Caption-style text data
Start of Block
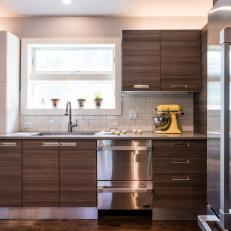 Bright, Contemporary Kitchen With Woodgrain Cabinets, Stainless Steel Appliances and White Tile Backsplash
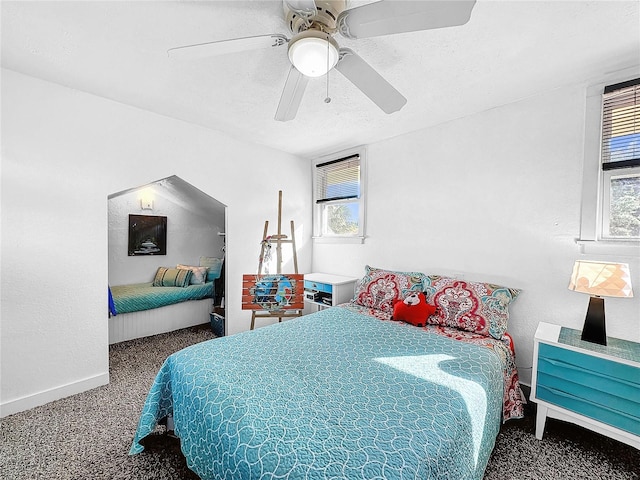 bedroom with carpet, a textured ceiling, and ceiling fan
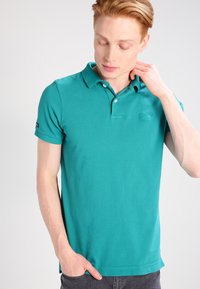 Polo shirt color teal realizzato in cotone, con colletto, due bottoni e un piccolo logo sul petto. Maniche corte e vestibilità dritta.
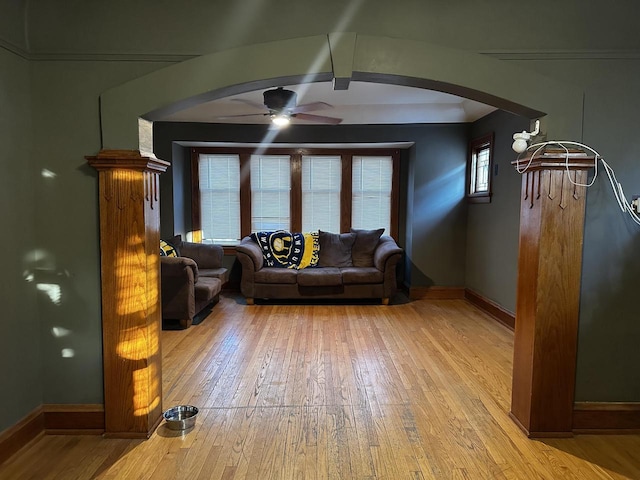 living area with a ceiling fan, arched walkways, baseboards, and wood finished floors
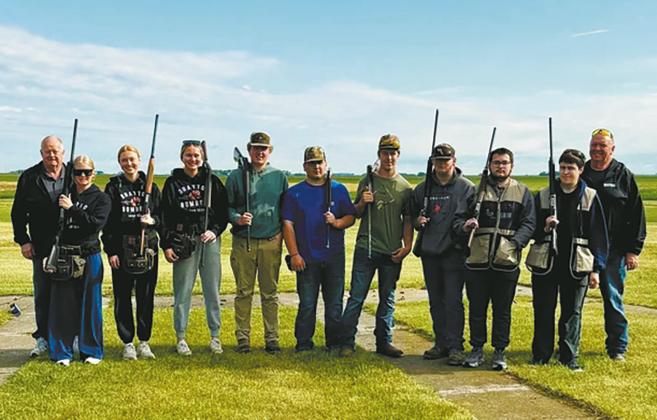 The Bombers Trap Team. From left Coach Leland Bratlie, Nulla Thompson, Peyton Larson, Reegan Aasand, Lincoln Aasand, Carlos Quezada, Ryan Corrick, Jaxon Wilson, Gunnar Kuznia, Loki Skylar, Coach Michael Larson, (not pictured Lucas DeSouza). Photo by Angela Aasand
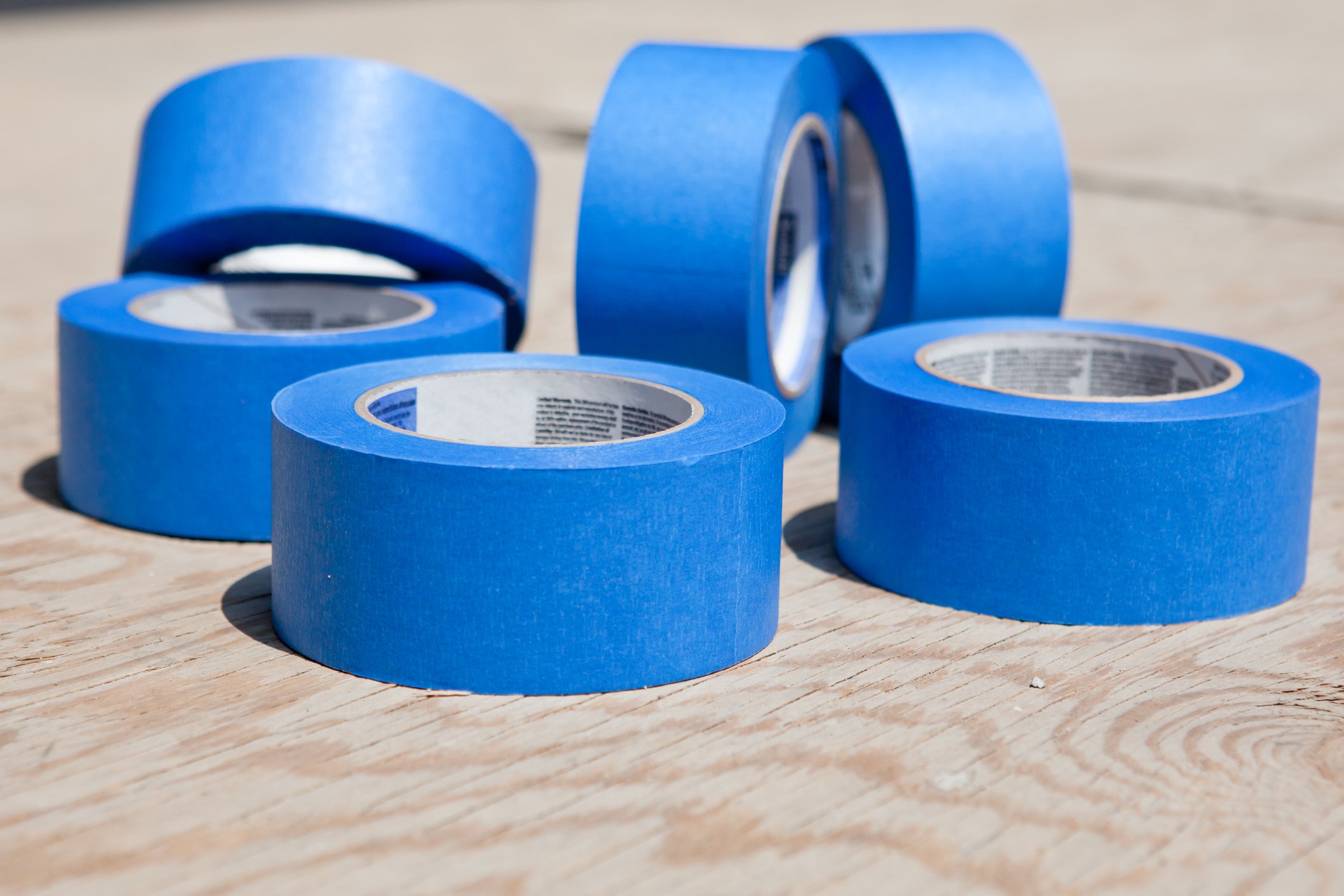 Six rolls of blue tape on a wooden table. 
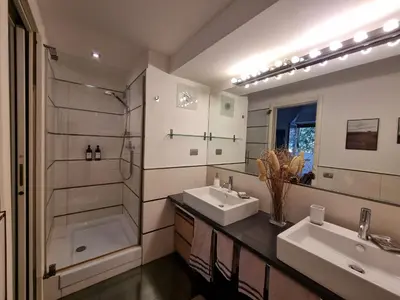 a bathroom with two sinks and a shower and a tub at Parco della Musica House in Rome
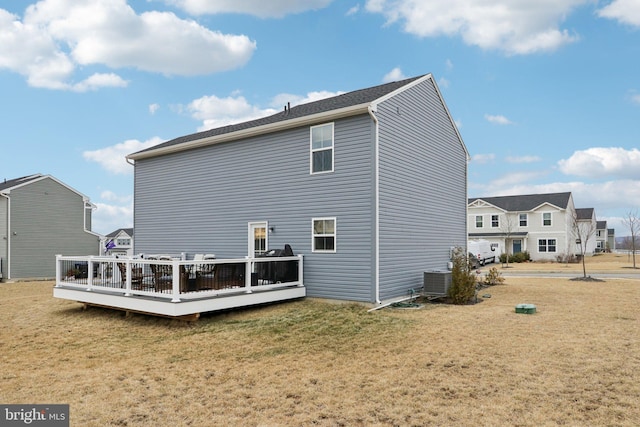 back of house with a deck, a yard, and cooling unit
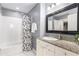 Updated bathroom with granite countertop, white cabinets, and subway tile at 565 Peachtree Ne St # 1209, Atlanta, GA 30308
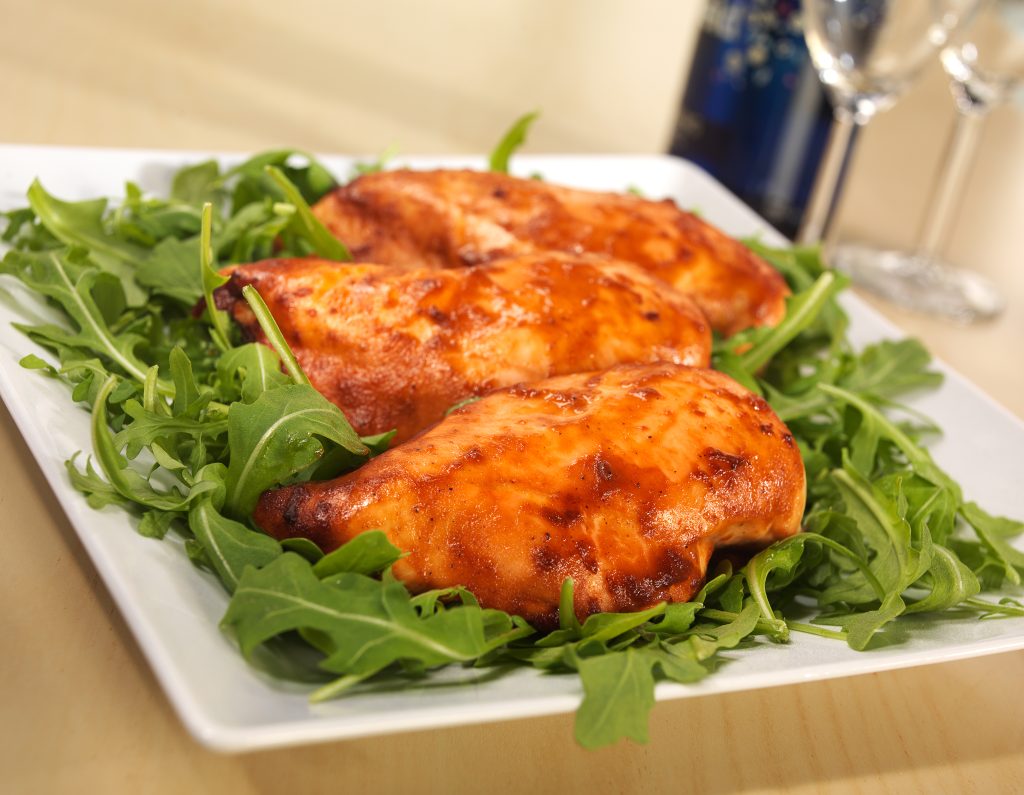 Plate of BBQ Baked Chicken on Arugula Food Picture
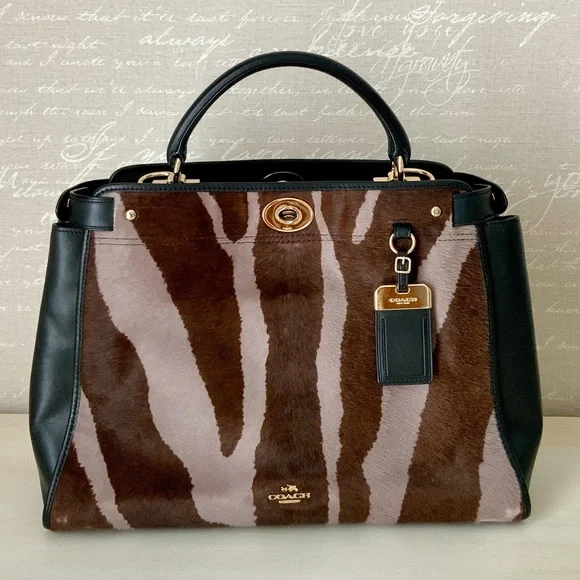 Coach,calf hair and leather top handle
Bag - Picture 13 of 14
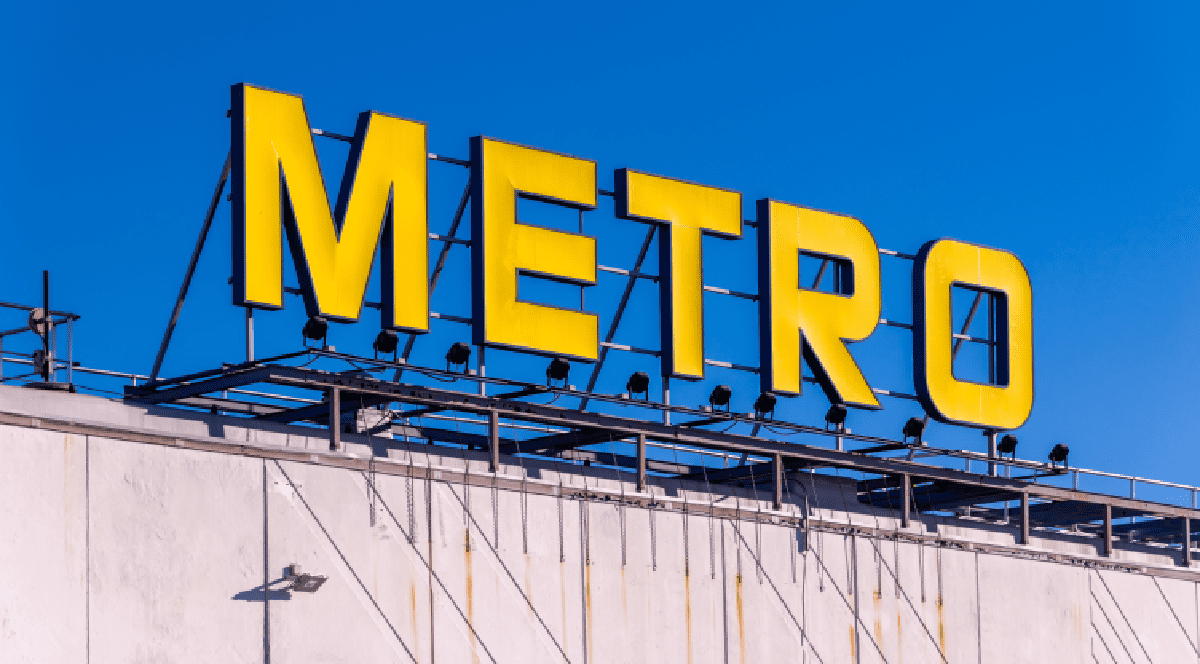 Imaginea prezintă sigla galbenă a magazinului Metro, amplasată pe acoperișul unei clădiri sub un cer de un albastru senin.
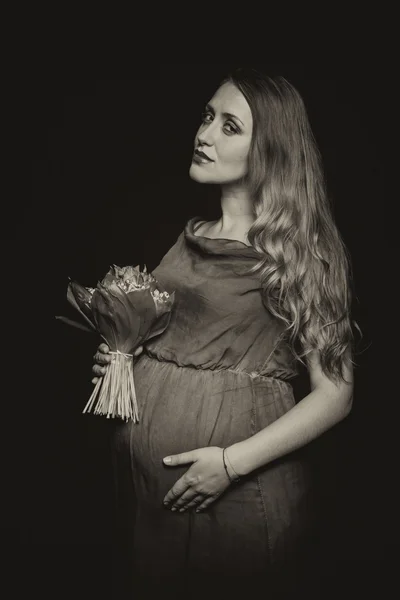 Pregnant woman with bouqet of flowers — Stock Photo, Image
End of Block
Task to carry out:
In the records above, find the line containing "Six rolls of blue tape on a wooden table." and the line containing "back of house", then give both of them again word for word along with every line between. Omit any pictures.

Response to this task:
 Six rolls of blue tape on a wooden table. 
 a bathroom with two sinks and a shower and a tub at Parco della Musica House in Rome
 back of house with a deck, a yard, and cooling unit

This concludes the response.